Merged, feel free to rebase :)

vmarmol · 2015-02-10T16:30:52Z

pkg/apiserver/apiserver.go

+func init() {
+	// All Prometheus metrics have to be explicitly registered to appear on the metrics endpoint.
+	prometheus.MustRegister(apiserverLatencies)
+	prometheus.MustRegister(redirectCounter)


nit: Init each of these in the file they're declared in. Or declare them here? We don't use apiserverLatencies here anyways.

Doh, for some reason I thought there could only be one init function per package, not per file. I was keeping the latencies one here because it's going to be shared across most of the files in the package and this seemed like a central place to put it.

vmarmol · 2015-02-10T16:31:51Z

Looks good, minor nits. If we do the defer-monitor a lot we may want to make a pattern out of it.

a-robinson · 2015-02-10T19:18:27Z

Thanks for the feedback, PTAL. I'm not sold that the breakdown of metrics (one common one for latency then separate ones with more detail) or labels (do we really care about latency per response code but not per resource?) makes the most sense, so I'd be happy if there's feedback there as well. Perhaps @nikhiljindal has thoughts on what's most useful to monitor? Otherwise I'll just run forward with this to make progress.

prometheus library for monitoring, which exports some basic resource usage metrics by default, like number of goroutines, open file descriptors, resident and virtual memory, etc.
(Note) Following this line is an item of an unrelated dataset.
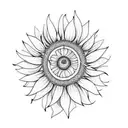 a sunflower, willow tree branch, and meadow flowers tattoo design idea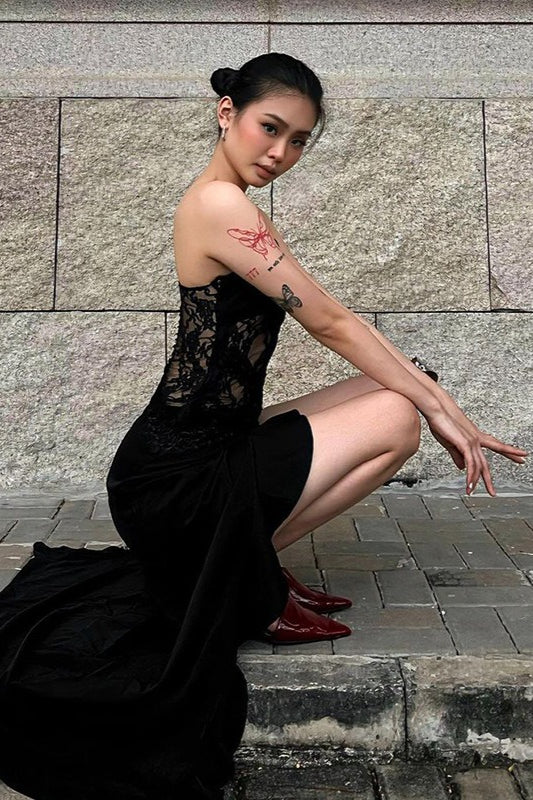 Streetwear Irregular Lace Patch Sheer Mini Dress image 4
I've also started adding in request counters and latency histograms, but have only added them to two of our HTTP handlers. If this looks reasonable, I'll add them to the rest in a second PR.

vishh · 2015-02-10T20:52:46Z

LGTM. Is it possible to have unit tests for Prometheus metrics?

vmarmol · 2015-02-10T20:53:25Z

pkg/apiserver/apiserver.go

+			Name: "apiserver_request_latencies",
+			Help: "Response latency summary in microseconds for each request handler, verb, and HTTP response code.",
+		},
+		[]string{"handler", "verb", "code"},


What do you envision being the handlers? Today I see redirect and rest. I'm not sure what information you're interested in gathering, would breaking down by resource be more useful?

There's also watch, proxy, and validate handlers, which I was going to add in a followup PR (although validate isn't too important). I can add them to this one if it would make things easier.

But yeah, I think including resource would be reasonable as well. I'll add it in. I'm just worried about growing the cardinality of time series too far, since a Summary metric actually gets converted into 5 exported metrics (0.5, 0.9, and 0.99 quantiles, plus a sum and a count).

What about breaking down the latency summary just by handler and verb, and then having a separate CounterVec metric with handler, verb, resource, and code?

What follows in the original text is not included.